Embora alguns senadores tenham rejeitado nesta quarta-feira as afirmações de que a lei era homofóbica ou visava especificamente a comunidade LGBTQIA+, a deputada Carolina Varchi, que apresentou o projeto, escreveu no Facebook que, com a legislação, seu partido estava trabalhando contra a “ideologia” da comunidade LGBTQIA+.

“Viva as crianças e seu direito, que é uma prioridade, de ter um pai e uma mãe”, disse Domenica Spinelli, senadora do partido Irmãos da Itália, de Meloni, pouco antes de o Senado da Itália aprovar o projeto de lei, com 84 votos a favor e 58 contra.

Meloni também expressou posições semelhantes. A premier, que tem suas raízes políticas em um partido pós-fascista, surpreendeu a muitos desde que assumiu o cargo ao se alinhar com o Ocidente em questões importantes, como a economia e o apoio à Ucrânia.

Especialistas discordam da medida
Mas especialistas dizem que ela tomou medidas sutis em questões culturais, como aborto e direitos da comunidade LGBTQIA+, para atrair sua base conservadora.

Para os críticos, isso foi particularmente alarmante, pois a Itália já estava atrás da maioria dos países europeus em termos de direitos da população LGBTQIA+ antes de o governo de Meloni assumir o poder. Juntamente com a Hungria e a República Tcheca, a Itália estava entre os poucos países da União Europeia que não reconheciam o casamento entre pessoas do mesmo sexo.

Desde que assumiu o poder, seu governo recorreu de uma decisão judicial que permitiu que adultos fossem identificados como “genitor” na carteira de identidade de seus filhos, em vez de “mãe” ou “pai”.

Ela também pediu às autoridades locais que apliquem vigorosamente uma decisão judicial que impediu algumas cidades de registrarem crianças nascidas de barriga de aluguel no exterior como tendo dois pais.

Cidades que costumavam emitir tais certidões, como Milão, pararam de fazê-lo, mas a diretriz também teve o efeito cascata de incentivar vários promotores italianos a revisar as certidões de nascimento de crianças nascidas de casais de lésbicas. Dezenas de mães tiveram seus nomes removidos das certidões de nascimento de seus filhos.

No que diz respeito à barriga de aluguel, a Igreja Católica Romana, juntamente com muitas feministas, se opõe a ela, que é proibida em outros países europeus. Em alguns, como o Reino Unido e a Grécia, ela é legal sob certas condições.

Mas a lei aprovada nesta quarta-feira na Itália é tão abrangente que não ficou claro se ela poderia resistir a contestações legais.

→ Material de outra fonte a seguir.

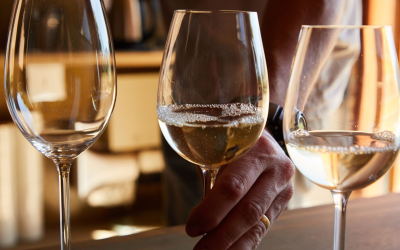 Tendances mode 2025: durabilité, tech, inclusion et streetwear revisité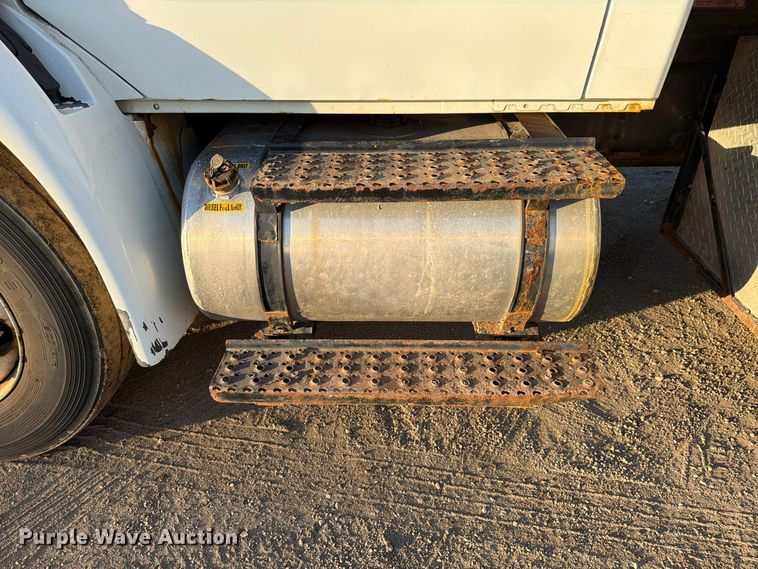 image for item FK4202 2006 International 4300 dump truck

No ano passado: Mães LGBTQIA+ são removidas de certidões de nascimento na Itália

Em teoria, qualquer pessoa pode denunciar uma família suspeita de ter tido um filho por meio de barriga de aluguel, abrindo caminho para um possível processo criminal.

Entretanto, especialistas dizem que qualquer julgamento resultante poderia desencadear desafios constitucionais. Além disso, a Itália enfrentaria a perspectiva de processar pessoas por crimes cometidos em um país onde suas ações eram legais, criando tensões diplomáticas.

A lei também visa um número relativamente pequeno de famílias em um país que já está lutando com uma baixa taxa de natalidade. Acredita-se que a maioria dos casais italianos que recorrem à barriga de aluguel seja heterossexual, e eles também podem ser afetados negativamente pela lei, dizem os especialistas no assunto.

Mas como casais homossexuais precisam de uma terceira pessoa para ter filhos, muitos acham que a lei os deixa especialmente vulneráveis ao escrutínio. Além disso, somente casais heterossexuais podem adotar na Itália, o que significa que casais LGBTQIA+ italianos têm poucas opções para formar uma família.

Molena criticou a legislação por não diferenciar a barriga de aluguel entre mulheres mais pobres, que podem ser exploradas pela prática, e mulheres em lugares como o Canadá, que se voluntariam para carregar um bebê sem buscar compensação.

Para os legisladores conservadores, no entanto, a barriga de aluguel explora todas as mulheres. Nesta quarta-feira, eles também argumentaram que a nova lei poria fim à hipocrisia da atual situação na Itália, onde casais podem facilmente contornar a proibição da barriga de aluguel buscando-a no exterior.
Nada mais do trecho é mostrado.